April 27, 2012

Down with Bieber Syndrome (aka No, You May Not Talk to Me. Thanks For Asking.)


I’ll admit it. I was listening to Justin Bieber’s “Boyfriend” on my way home from work today. I was singing along, not worrying about any potential gawkers when it occurred to me. I would likely break out into maniacal laughter if a guy ever looked at me and said “Hey, girl, let me talk to you” and meant it.

Rachel and I have had this discussion before regarding Hanson’s “Give a Little.”  The whole saw you from across the room and had to have you scenario only works in music videos, romantic comedies, and apparently pop songs. I imagine that Justin Bieber probably can walk up to a girl and say “hey, let me talk to you,” and yield the results he was hoping for. Heck, he could probably walk up and poke someone with a fork and get the same response. Real guys…not so much.

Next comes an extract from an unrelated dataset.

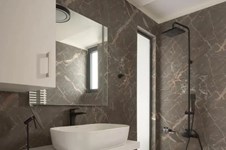 Property 65672 photo 17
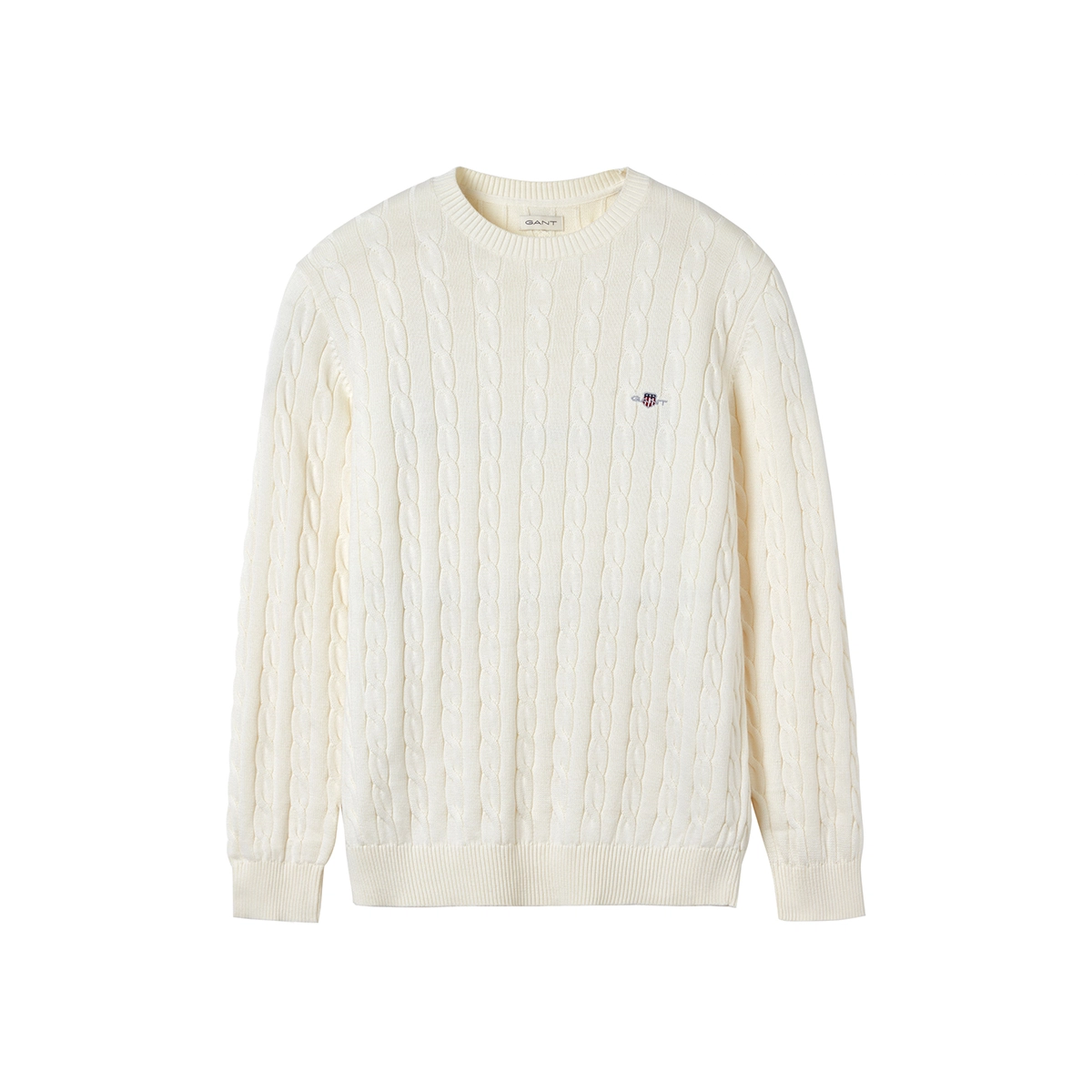 GANT 25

I can’t help but think about all the creepy guys that hit on me at work and wonder how they became infected with this Bieber syndrome that makes them believe they’re being suave when they’re making fools of themselves. Thank God they’re not taking cues from “Give a Little.” They’re ALWAYS old. Ancient, even. They take innocent questions like “Are you looking for anything in particular?” and respond with “yeah, a date with you.” I ask “Are you finding everything okay?” and they look me up and down slowly and say “I found you. You look okay,” then wink. When I was student teaching, a senior stopped me in the hallway once and said “Hey girl, I can get yo number?” It took all of my professional resolve not to blurt out “Only for some much-needed English tutoring, kid.” Gag. Cringe. Pass.

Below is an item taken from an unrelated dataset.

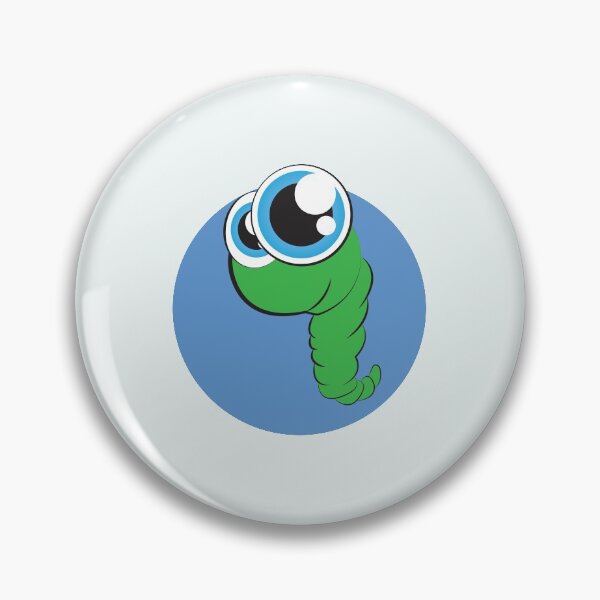 Item preview, slither io game designed and sold by WAISLYV.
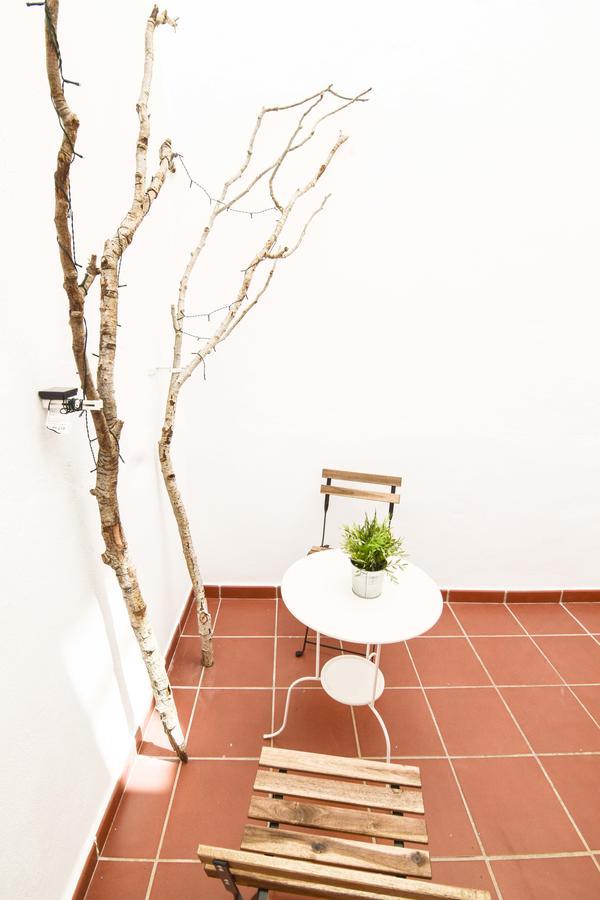 Apartamento Barceló *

My point here is that these songs are a skewed image of what girls really want, and it’s hilarious to me that anyone can actually do or say those things with a straight face. If you put your hand on my hip, don't expect me to bat my eyelashes and blush. If you wrap your arms around my body and try to give me a little anything, it’s time to reach for the pepper spray. This is not Sixteen Candles, and you, sir, will never be my Buzz Lightyear. Just leave it to Bieber.